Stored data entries
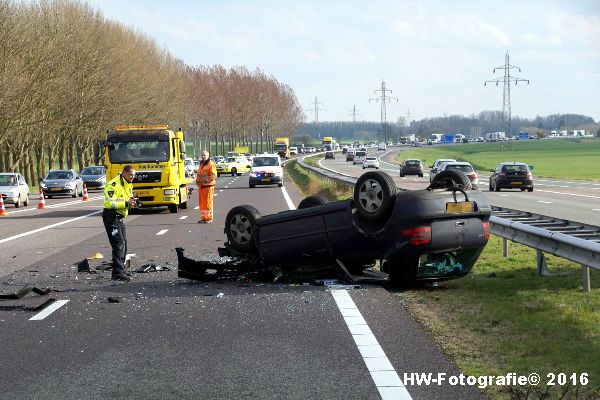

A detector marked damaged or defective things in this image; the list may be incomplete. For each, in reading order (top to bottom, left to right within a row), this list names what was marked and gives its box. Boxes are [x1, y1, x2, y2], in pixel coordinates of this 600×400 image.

overturned car [180, 170, 490, 286]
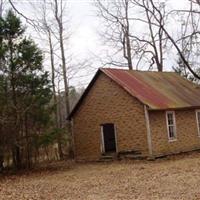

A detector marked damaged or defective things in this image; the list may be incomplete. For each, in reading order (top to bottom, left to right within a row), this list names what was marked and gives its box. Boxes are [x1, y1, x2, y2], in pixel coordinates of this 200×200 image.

rusty metal roof [101, 68, 200, 109]
red rusted roof panel [101, 68, 200, 109]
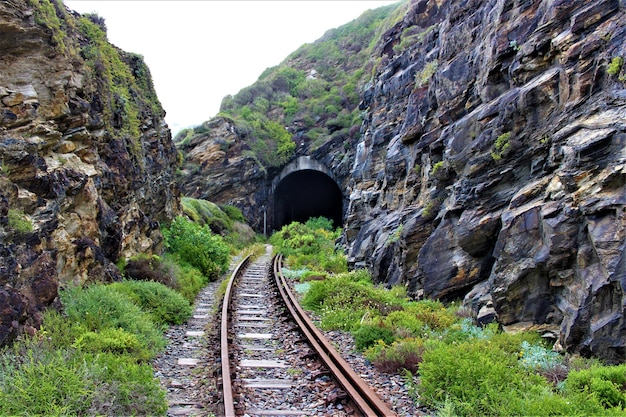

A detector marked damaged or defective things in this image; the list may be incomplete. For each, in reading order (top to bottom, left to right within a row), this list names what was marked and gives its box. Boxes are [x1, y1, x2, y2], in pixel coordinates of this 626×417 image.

rusty railway track [219, 247, 394, 416]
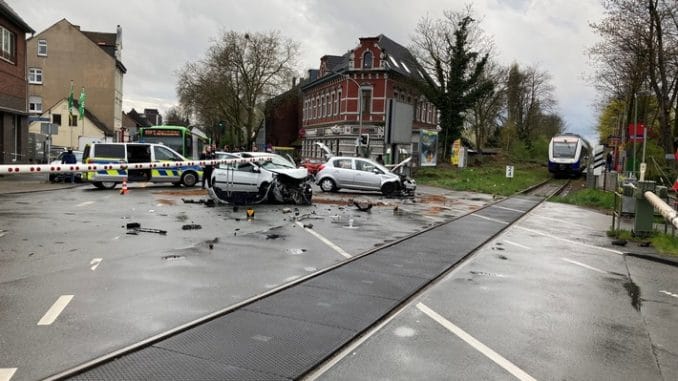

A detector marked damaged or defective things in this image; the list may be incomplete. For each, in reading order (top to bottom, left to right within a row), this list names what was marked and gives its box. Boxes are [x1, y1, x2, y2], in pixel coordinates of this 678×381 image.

wrecked white car [209, 151, 314, 205]
damaged car front end [210, 152, 314, 205]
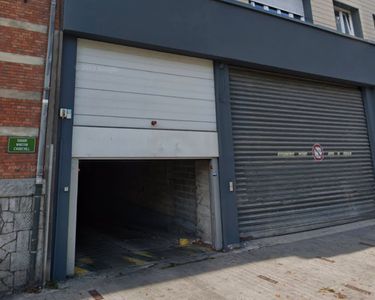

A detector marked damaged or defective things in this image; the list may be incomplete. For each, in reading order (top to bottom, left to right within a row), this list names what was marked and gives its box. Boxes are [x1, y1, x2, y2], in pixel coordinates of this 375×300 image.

cracked concrete surface [9, 223, 375, 298]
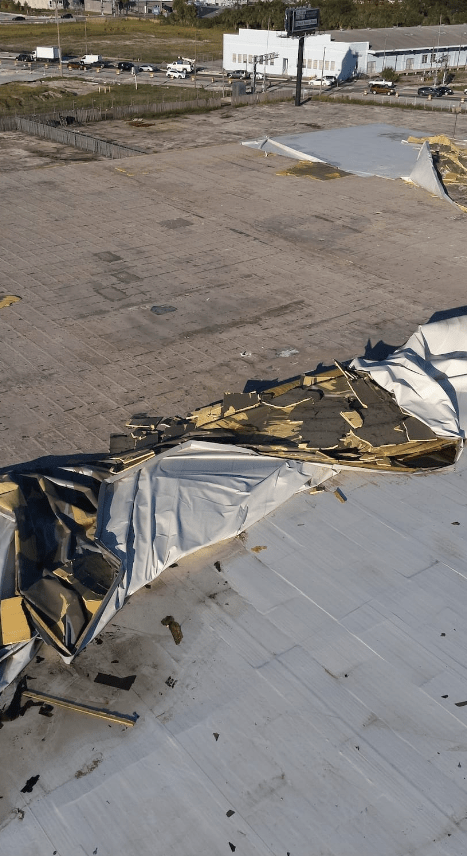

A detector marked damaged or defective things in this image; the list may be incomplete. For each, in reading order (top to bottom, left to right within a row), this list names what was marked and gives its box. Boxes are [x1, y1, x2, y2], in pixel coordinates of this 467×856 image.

torn roof membrane [0, 318, 466, 692]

### How to complete this task
An exact copy of the lines from the one with "this 375×300 image." through the last line of the records, inclusive, is required, with all pictures left out.

### Solution
A detector marked damaged or defective things in this image; the list may be incomplete. For each, in reading order (top to bottom, left to right within a row), this list names what was marked and gives its box. Boxes are [x1, y1, x2, y2], in pixel coordinates of this 375×300 image.

cracked concrete surface [9, 223, 375, 298]

A detector marked damaged or defective things in this image; the list may be incomplete. For each, in reading order (top to bottom, left to right within a row), this list names what was marked and gives its box. Boxes are [x1, y1, x2, y2], in pixel coordinates of this 467×856 image.

torn roof membrane [0, 318, 466, 692]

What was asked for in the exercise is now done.